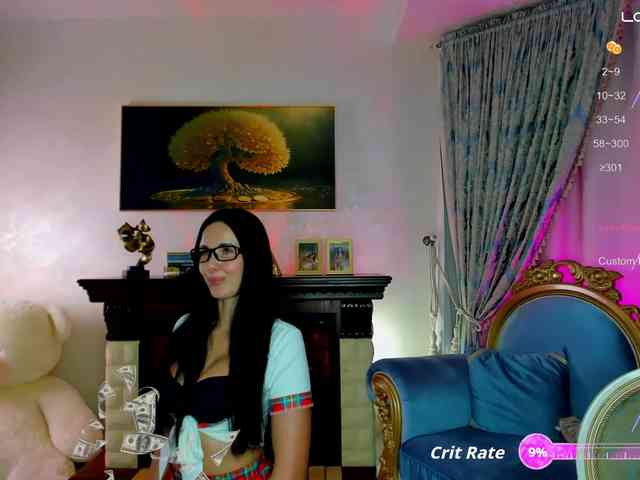 BlackMamba6969 webcam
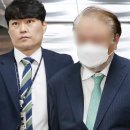 “‘백현동 로비스트’ 200억 요구, 절반은 이재명·정진상 몫으로 알아” 이미지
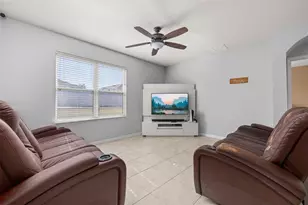 5108 Fiddlewood Way, Saint Cloud, FL 34771 - Photo 20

> _What you need to do_:
Your reply must match the data above line for line, except that it holds no pictures.

> _Result for this task_:
 BlackMamba6969 webcam
 “‘백현동 로비스트’ 200억 요구, 절반은 이재명·정진상 몫으로 알아” 이미지
 5108 Fiddlewood Way, Saint Cloud, FL 34771 - Photo 20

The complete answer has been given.